Gravitational Waves From SU(N) Glueball Dark Matter

TL;DR

This paper investigates gravitational waves emitted by binary boson stars composed of dark glueball fields in a hidden SU(N) gauge sector, linking fundamental parameters to observable signals for current and future detectors.

Contribution

It derives the mass and radius of dark SU(N) boson stars based on the glueball mass and number of colors, and assesses their detectability via gravitational wave observatories.

Findings

Dark glueball boson stars have specific mass-radius relations.

Certain parameter regions are detectable by LIGO and future observatories.

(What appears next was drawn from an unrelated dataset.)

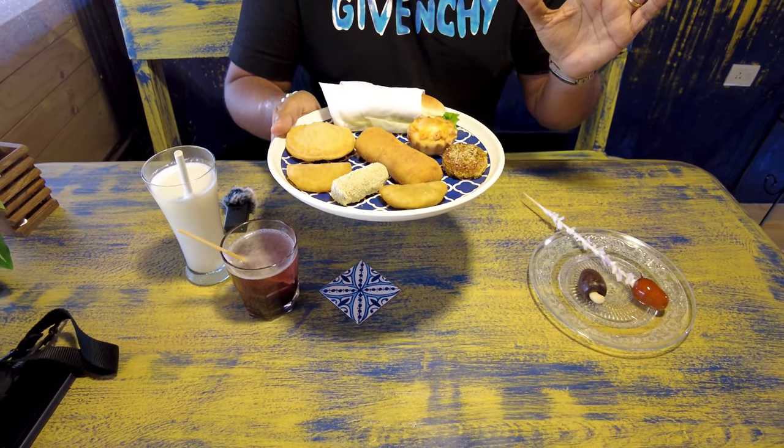Hey guys, welcome to my channel! In today's video we're here in South Goa and I'm going to be showing you an incredible hidden gem called the Goan Kitchen. They serve authentic Goan and Portuguese snacks that are absolutely incredible. I've been ordering from them for over a year and every time it has exceeded my expectations. They have veg and non-veg options, and this is being run by a gentleman called Oliver who is recreating the Goan food scene here.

The model connects fundamental gauge theory parameters to gravitational wave signals.

Abstract

A hidden sector with pure non-abelian gauge symmetry is an elegant and just about the simplest model of dark matter. In this model the dark matter candidate is the lightest bound state made of the confined gauge fields, the dark glueball. In spite of its simplicity, the model has been shown to have several interesting non-standard implications in cosmology. In this work, we explore the gravitational waves from binary boson stars made of self-gravitating dark glueball fields as a natural and important consequence. We derive the dark SU($N$) star mass and radius as functions of the only two fundamental parameters in the model, the glueball mass $m$ and the number of colors $N$, and identify the regions that could be probed by the LIGO and future gravitational wave observatories.